La intimidad, aparte de las obras de Echeverry (Malamor o Terminal) sin dejar de aludir al
contexto sociocultural e histórico, es abordada por Fernández de Soto en Colombianos, un
acto de fe (2004), una alegoría satírica del país y en Cuarenta (Fernández de Soto, 2011),
una reflexión mordaz sobre la sociedad y la mistad. Por aparte, en Sofía y el terco (Burgos,
2012) presenta en una singular historia las veleidades del amor en la tercera edad en un
lugar impreciso en el mundo.
NOTAS
1. Para Chatman (1990), las instancias narrativas son todas las contribuciones individuales y colectivas que propician a la elaboración de la obra como un todo acabado.
2. Ricoeur (2000: 113-168) describe tres momentos de la narración: a) mímesis I o “prefiguración”, en la que el sujeto narrador reconoce las manifestaciones concretas de los componentes de la red conceptual de la acción
que desea narrar; b) mímesis II o “configuración”, en la que el sujeto narrador configura una trama narrativa
combinando imaginativamente a tales componentes; y c) mímesis III o “refiguración”, en la que el lector y,
para efectos de esta tesis, el espectador observa, lee o interpreta la narración elaborada y la contrasta con su
propia identidad.
3. Ricoeur es une autor ampliamente conocido como hermeneuta y es común recurrir a él como estudioso
de los significados del mundo de la vida a través del lenguaje escrito. No obstante, este filósofo establece
una analogía entre el texto escrito y la acción, proponiendo a esta última como un “cuasitexto”, en el que
también se puede registrar y leer el acontecer humano. Este trabajo apropia a las herramientas conceptuales
de Ricoeur para adecuar una metodología de análisis cinematográfico llamada “hermenéutica de la acción”.
4. Aunque Ricoeur (2000) menciona a los caracteres temporales, no los explica claramente. Sin embargo,
en un texto ulterior (ibídem, 2002: 242-256) dedica un aparte a lo que denomina “la iniciativa”, con la
que se puede precisar un poco más el concepto de “caracteres temporales”. Dicha iniciativa consiste en
interrumpir intencionadamente el estado de contemplación y reflexión al que conduce el paso del presente
fenomenológico (el día, la noche, las semanas, los años) y permite pasar del “tiempo del alma” al “tiempo
del mundo”, mediante acciones que configuran al presente cosmológico; en conclusión, la iniciativa permite
marcar caracteres temporales o registros sobre una representación lineal del tiempo.

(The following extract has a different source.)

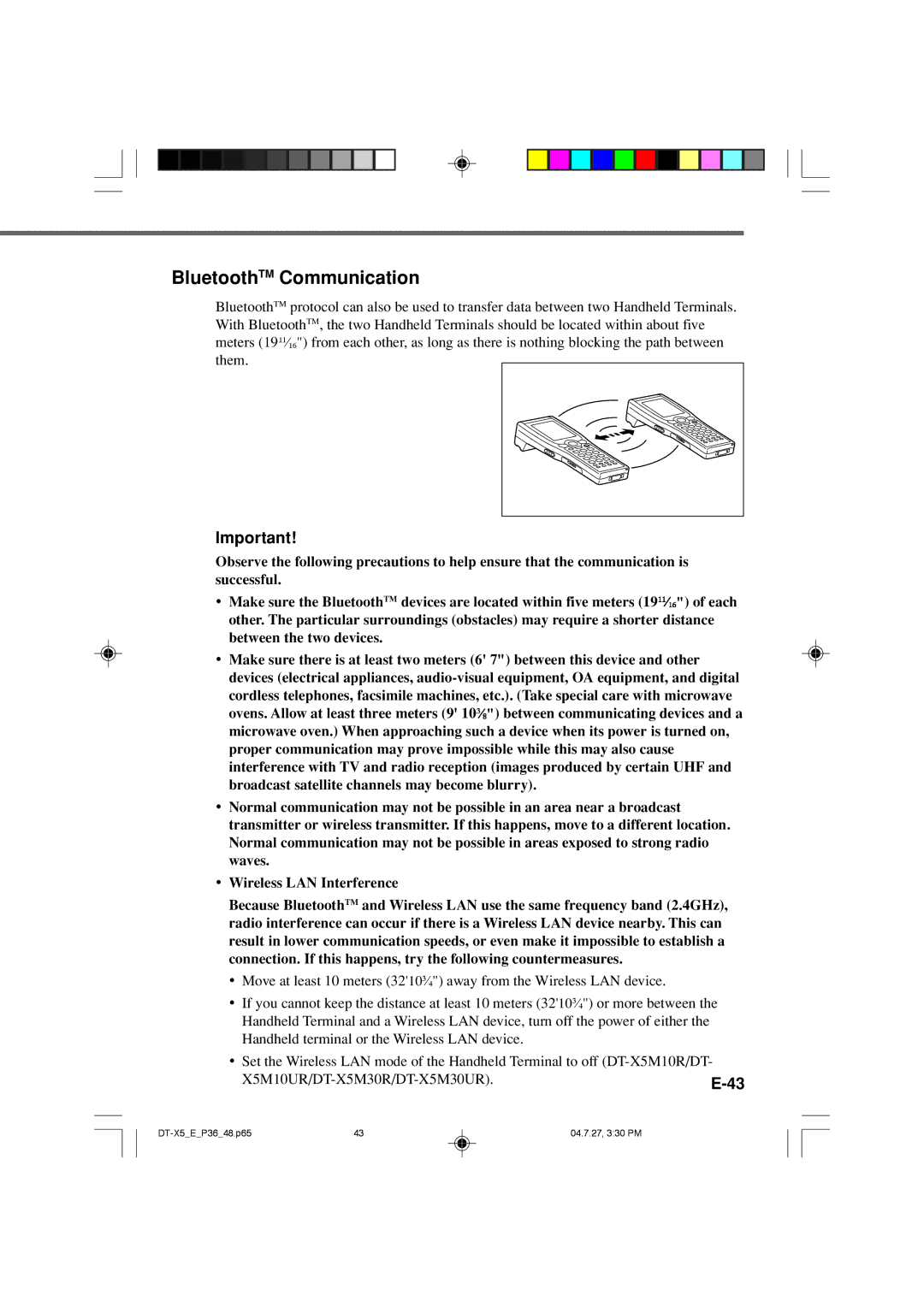 Casio DT-X5 Series manual BluetoothTM Communication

Tales hechos tienen
significado ético o político y algunos adquieren especial importancia histórica que, a su vez, vuelve a la
contemplación y la reflexión sobre el tiempo fenomenológico para enriquecerla.

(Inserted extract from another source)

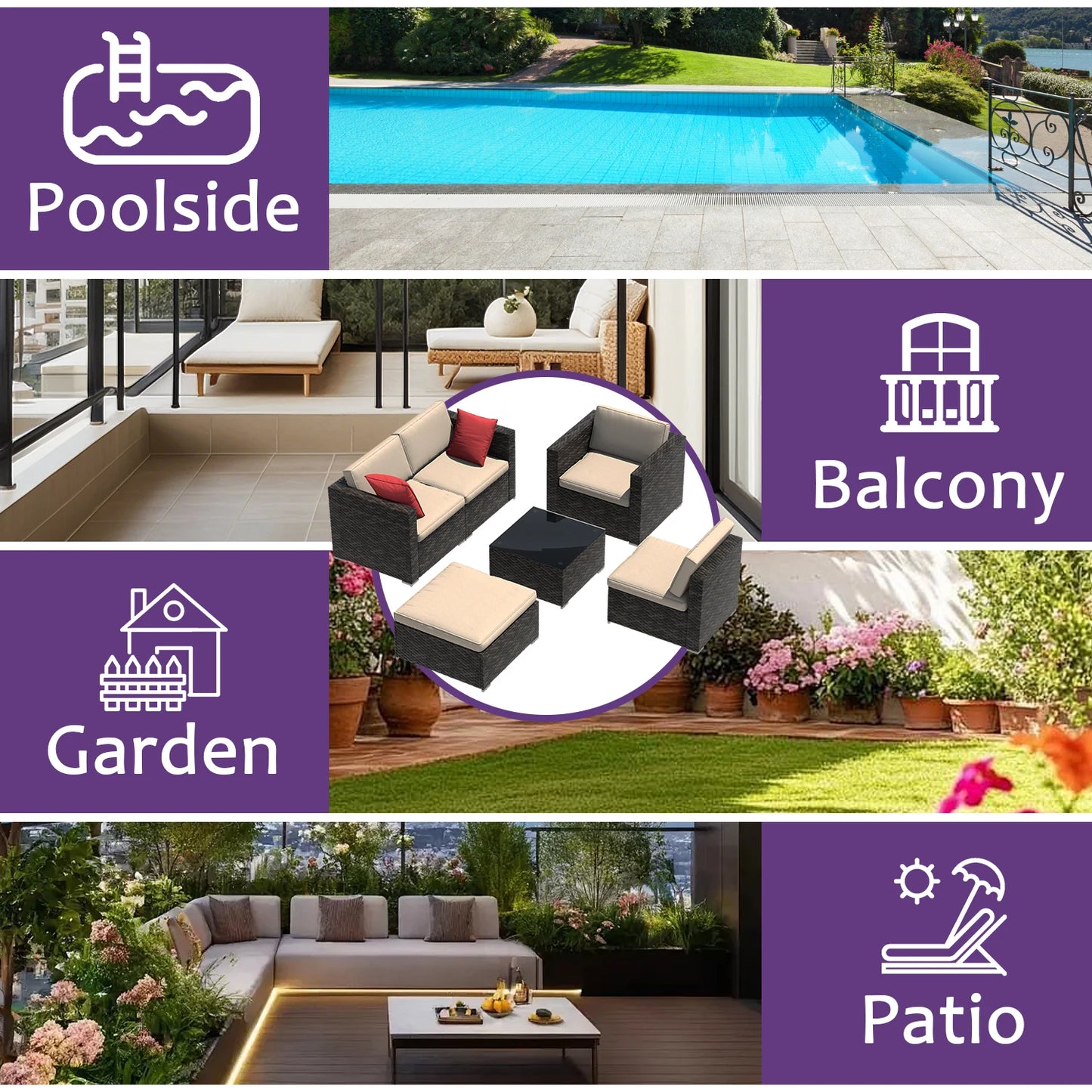 Six To Seven Piece Outdoor Patio Furniture Set With Cushions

5. Este paradigma, según su autor, ha resultado del análisis de la estructura de miles de guiones cinematográficos escritos dentro de la industria cinematográfica norteamericana y responde a los hábitos del público. Resulta
interesante contrastar las implicaciones conceptuales de este paradigma, evidentemente operativo, con la
teoría cognitivista de Bordwell (1985), pero también con el “modo de representación institucional” (MRI)

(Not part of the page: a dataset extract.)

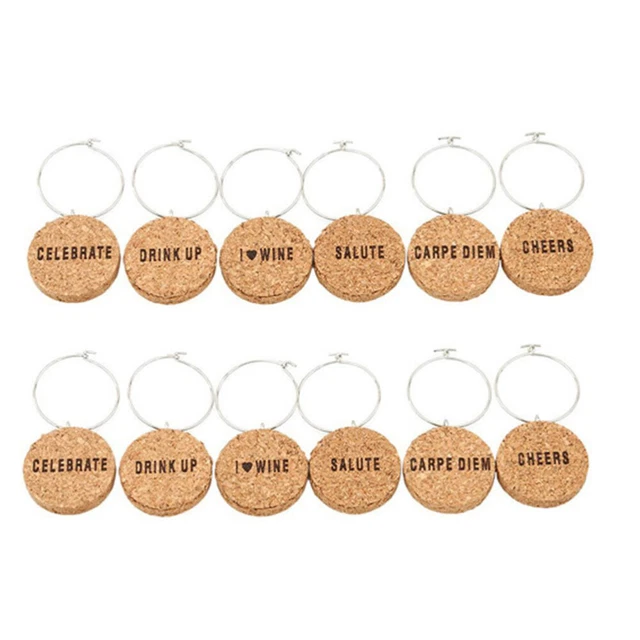 12pcs Kork Glas Charms DIY Becher Weinglas Ringe mit Wire Hoop Drink Marker für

propuesto por Burch (1987).
6. Entidad auspiciada por el Estado colombiano para proteger y preservar al patrimonio audiovisual producido en Colombia. Para el efecto se apoya en la constitución nacional y en la legislación vigente acerca del cine.
7. Aunque en 1915 se había filmado El drama del 15 de octubre, sobre el asesinato de Rafael Uribe pero este no es un largometraje, lo cual no obsta para que no sea una obra significativa en la historia del cine nacional.